**Records shown**
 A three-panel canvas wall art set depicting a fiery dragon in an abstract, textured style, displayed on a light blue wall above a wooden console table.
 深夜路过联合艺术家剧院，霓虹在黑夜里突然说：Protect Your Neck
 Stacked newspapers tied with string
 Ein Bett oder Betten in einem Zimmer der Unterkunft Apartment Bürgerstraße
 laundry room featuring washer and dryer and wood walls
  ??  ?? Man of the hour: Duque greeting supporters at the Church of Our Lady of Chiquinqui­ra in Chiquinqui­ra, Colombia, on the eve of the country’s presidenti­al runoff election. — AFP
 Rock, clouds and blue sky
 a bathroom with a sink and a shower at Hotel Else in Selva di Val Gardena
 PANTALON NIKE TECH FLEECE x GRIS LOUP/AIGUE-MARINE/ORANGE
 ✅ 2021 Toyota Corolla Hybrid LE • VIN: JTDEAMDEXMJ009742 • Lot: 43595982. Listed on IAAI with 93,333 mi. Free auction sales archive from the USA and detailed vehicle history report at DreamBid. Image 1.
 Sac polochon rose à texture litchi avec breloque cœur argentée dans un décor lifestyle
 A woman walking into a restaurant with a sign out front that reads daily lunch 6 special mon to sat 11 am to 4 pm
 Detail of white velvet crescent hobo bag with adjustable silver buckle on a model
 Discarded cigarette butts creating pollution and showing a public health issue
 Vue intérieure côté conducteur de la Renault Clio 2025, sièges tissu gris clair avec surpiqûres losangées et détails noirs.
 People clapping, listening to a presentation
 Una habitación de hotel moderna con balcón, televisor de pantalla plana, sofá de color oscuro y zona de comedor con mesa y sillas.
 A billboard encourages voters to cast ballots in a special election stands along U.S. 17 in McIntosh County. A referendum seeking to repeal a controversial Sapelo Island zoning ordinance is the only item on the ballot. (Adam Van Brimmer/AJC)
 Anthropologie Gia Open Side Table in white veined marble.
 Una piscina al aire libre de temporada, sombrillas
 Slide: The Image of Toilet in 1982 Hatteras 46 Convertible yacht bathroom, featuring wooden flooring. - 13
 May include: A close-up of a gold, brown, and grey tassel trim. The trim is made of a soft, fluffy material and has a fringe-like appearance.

**What needs to be done**
Reproduce only the lines above, starting at the line with "Rock, clouds and blue sky" and ending at the line with "A billboard encourages", exactly as written.

**Solution**
 Rock, clouds and blue sky
 a bathroom with a sink and a shower at Hotel Else in Selva di Val Gardena
 PANTALON NIKE TECH FLEECE x GRIS LOUP/AIGUE-MARINE/ORANGE
 ✅ 2021 Toyota Corolla Hybrid LE • VIN: JTDEAMDEXMJ009742 • Lot: 43595982. Listed on IAAI with 93,333 mi. Free auction sales archive from the USA and detailed vehicle history report at DreamBid. Image 1.
 Sac polochon rose à texture litchi avec breloque cœur argentée dans un décor lifestyle
 A woman walking into a restaurant with a sign out front that reads daily lunch 6 special mon to sat 11 am to 4 pm
 Detail of white velvet crescent hobo bag with adjustable silver buckle on a model
 Discarded cigarette butts creating pollution and showing a public health issue
 Vue intérieure côté conducteur de la Renault Clio 2025, sièges tissu gris clair avec surpiqûres losangées et détails noirs.
 People clapping, listening to a presentation
 Una habitación de hotel moderna con balcón, televisor de pantalla plana, sofá de color oscuro y zona de comedor con mesa y sillas.
 A billboard encourages voters to cast ballots in a special election stands along U.S. 17 in McIntosh County. A referendum seeking to repeal a controversial Sapelo Island zoning ordinance is the only item on the ballot. (Adam Van Brimmer/AJC)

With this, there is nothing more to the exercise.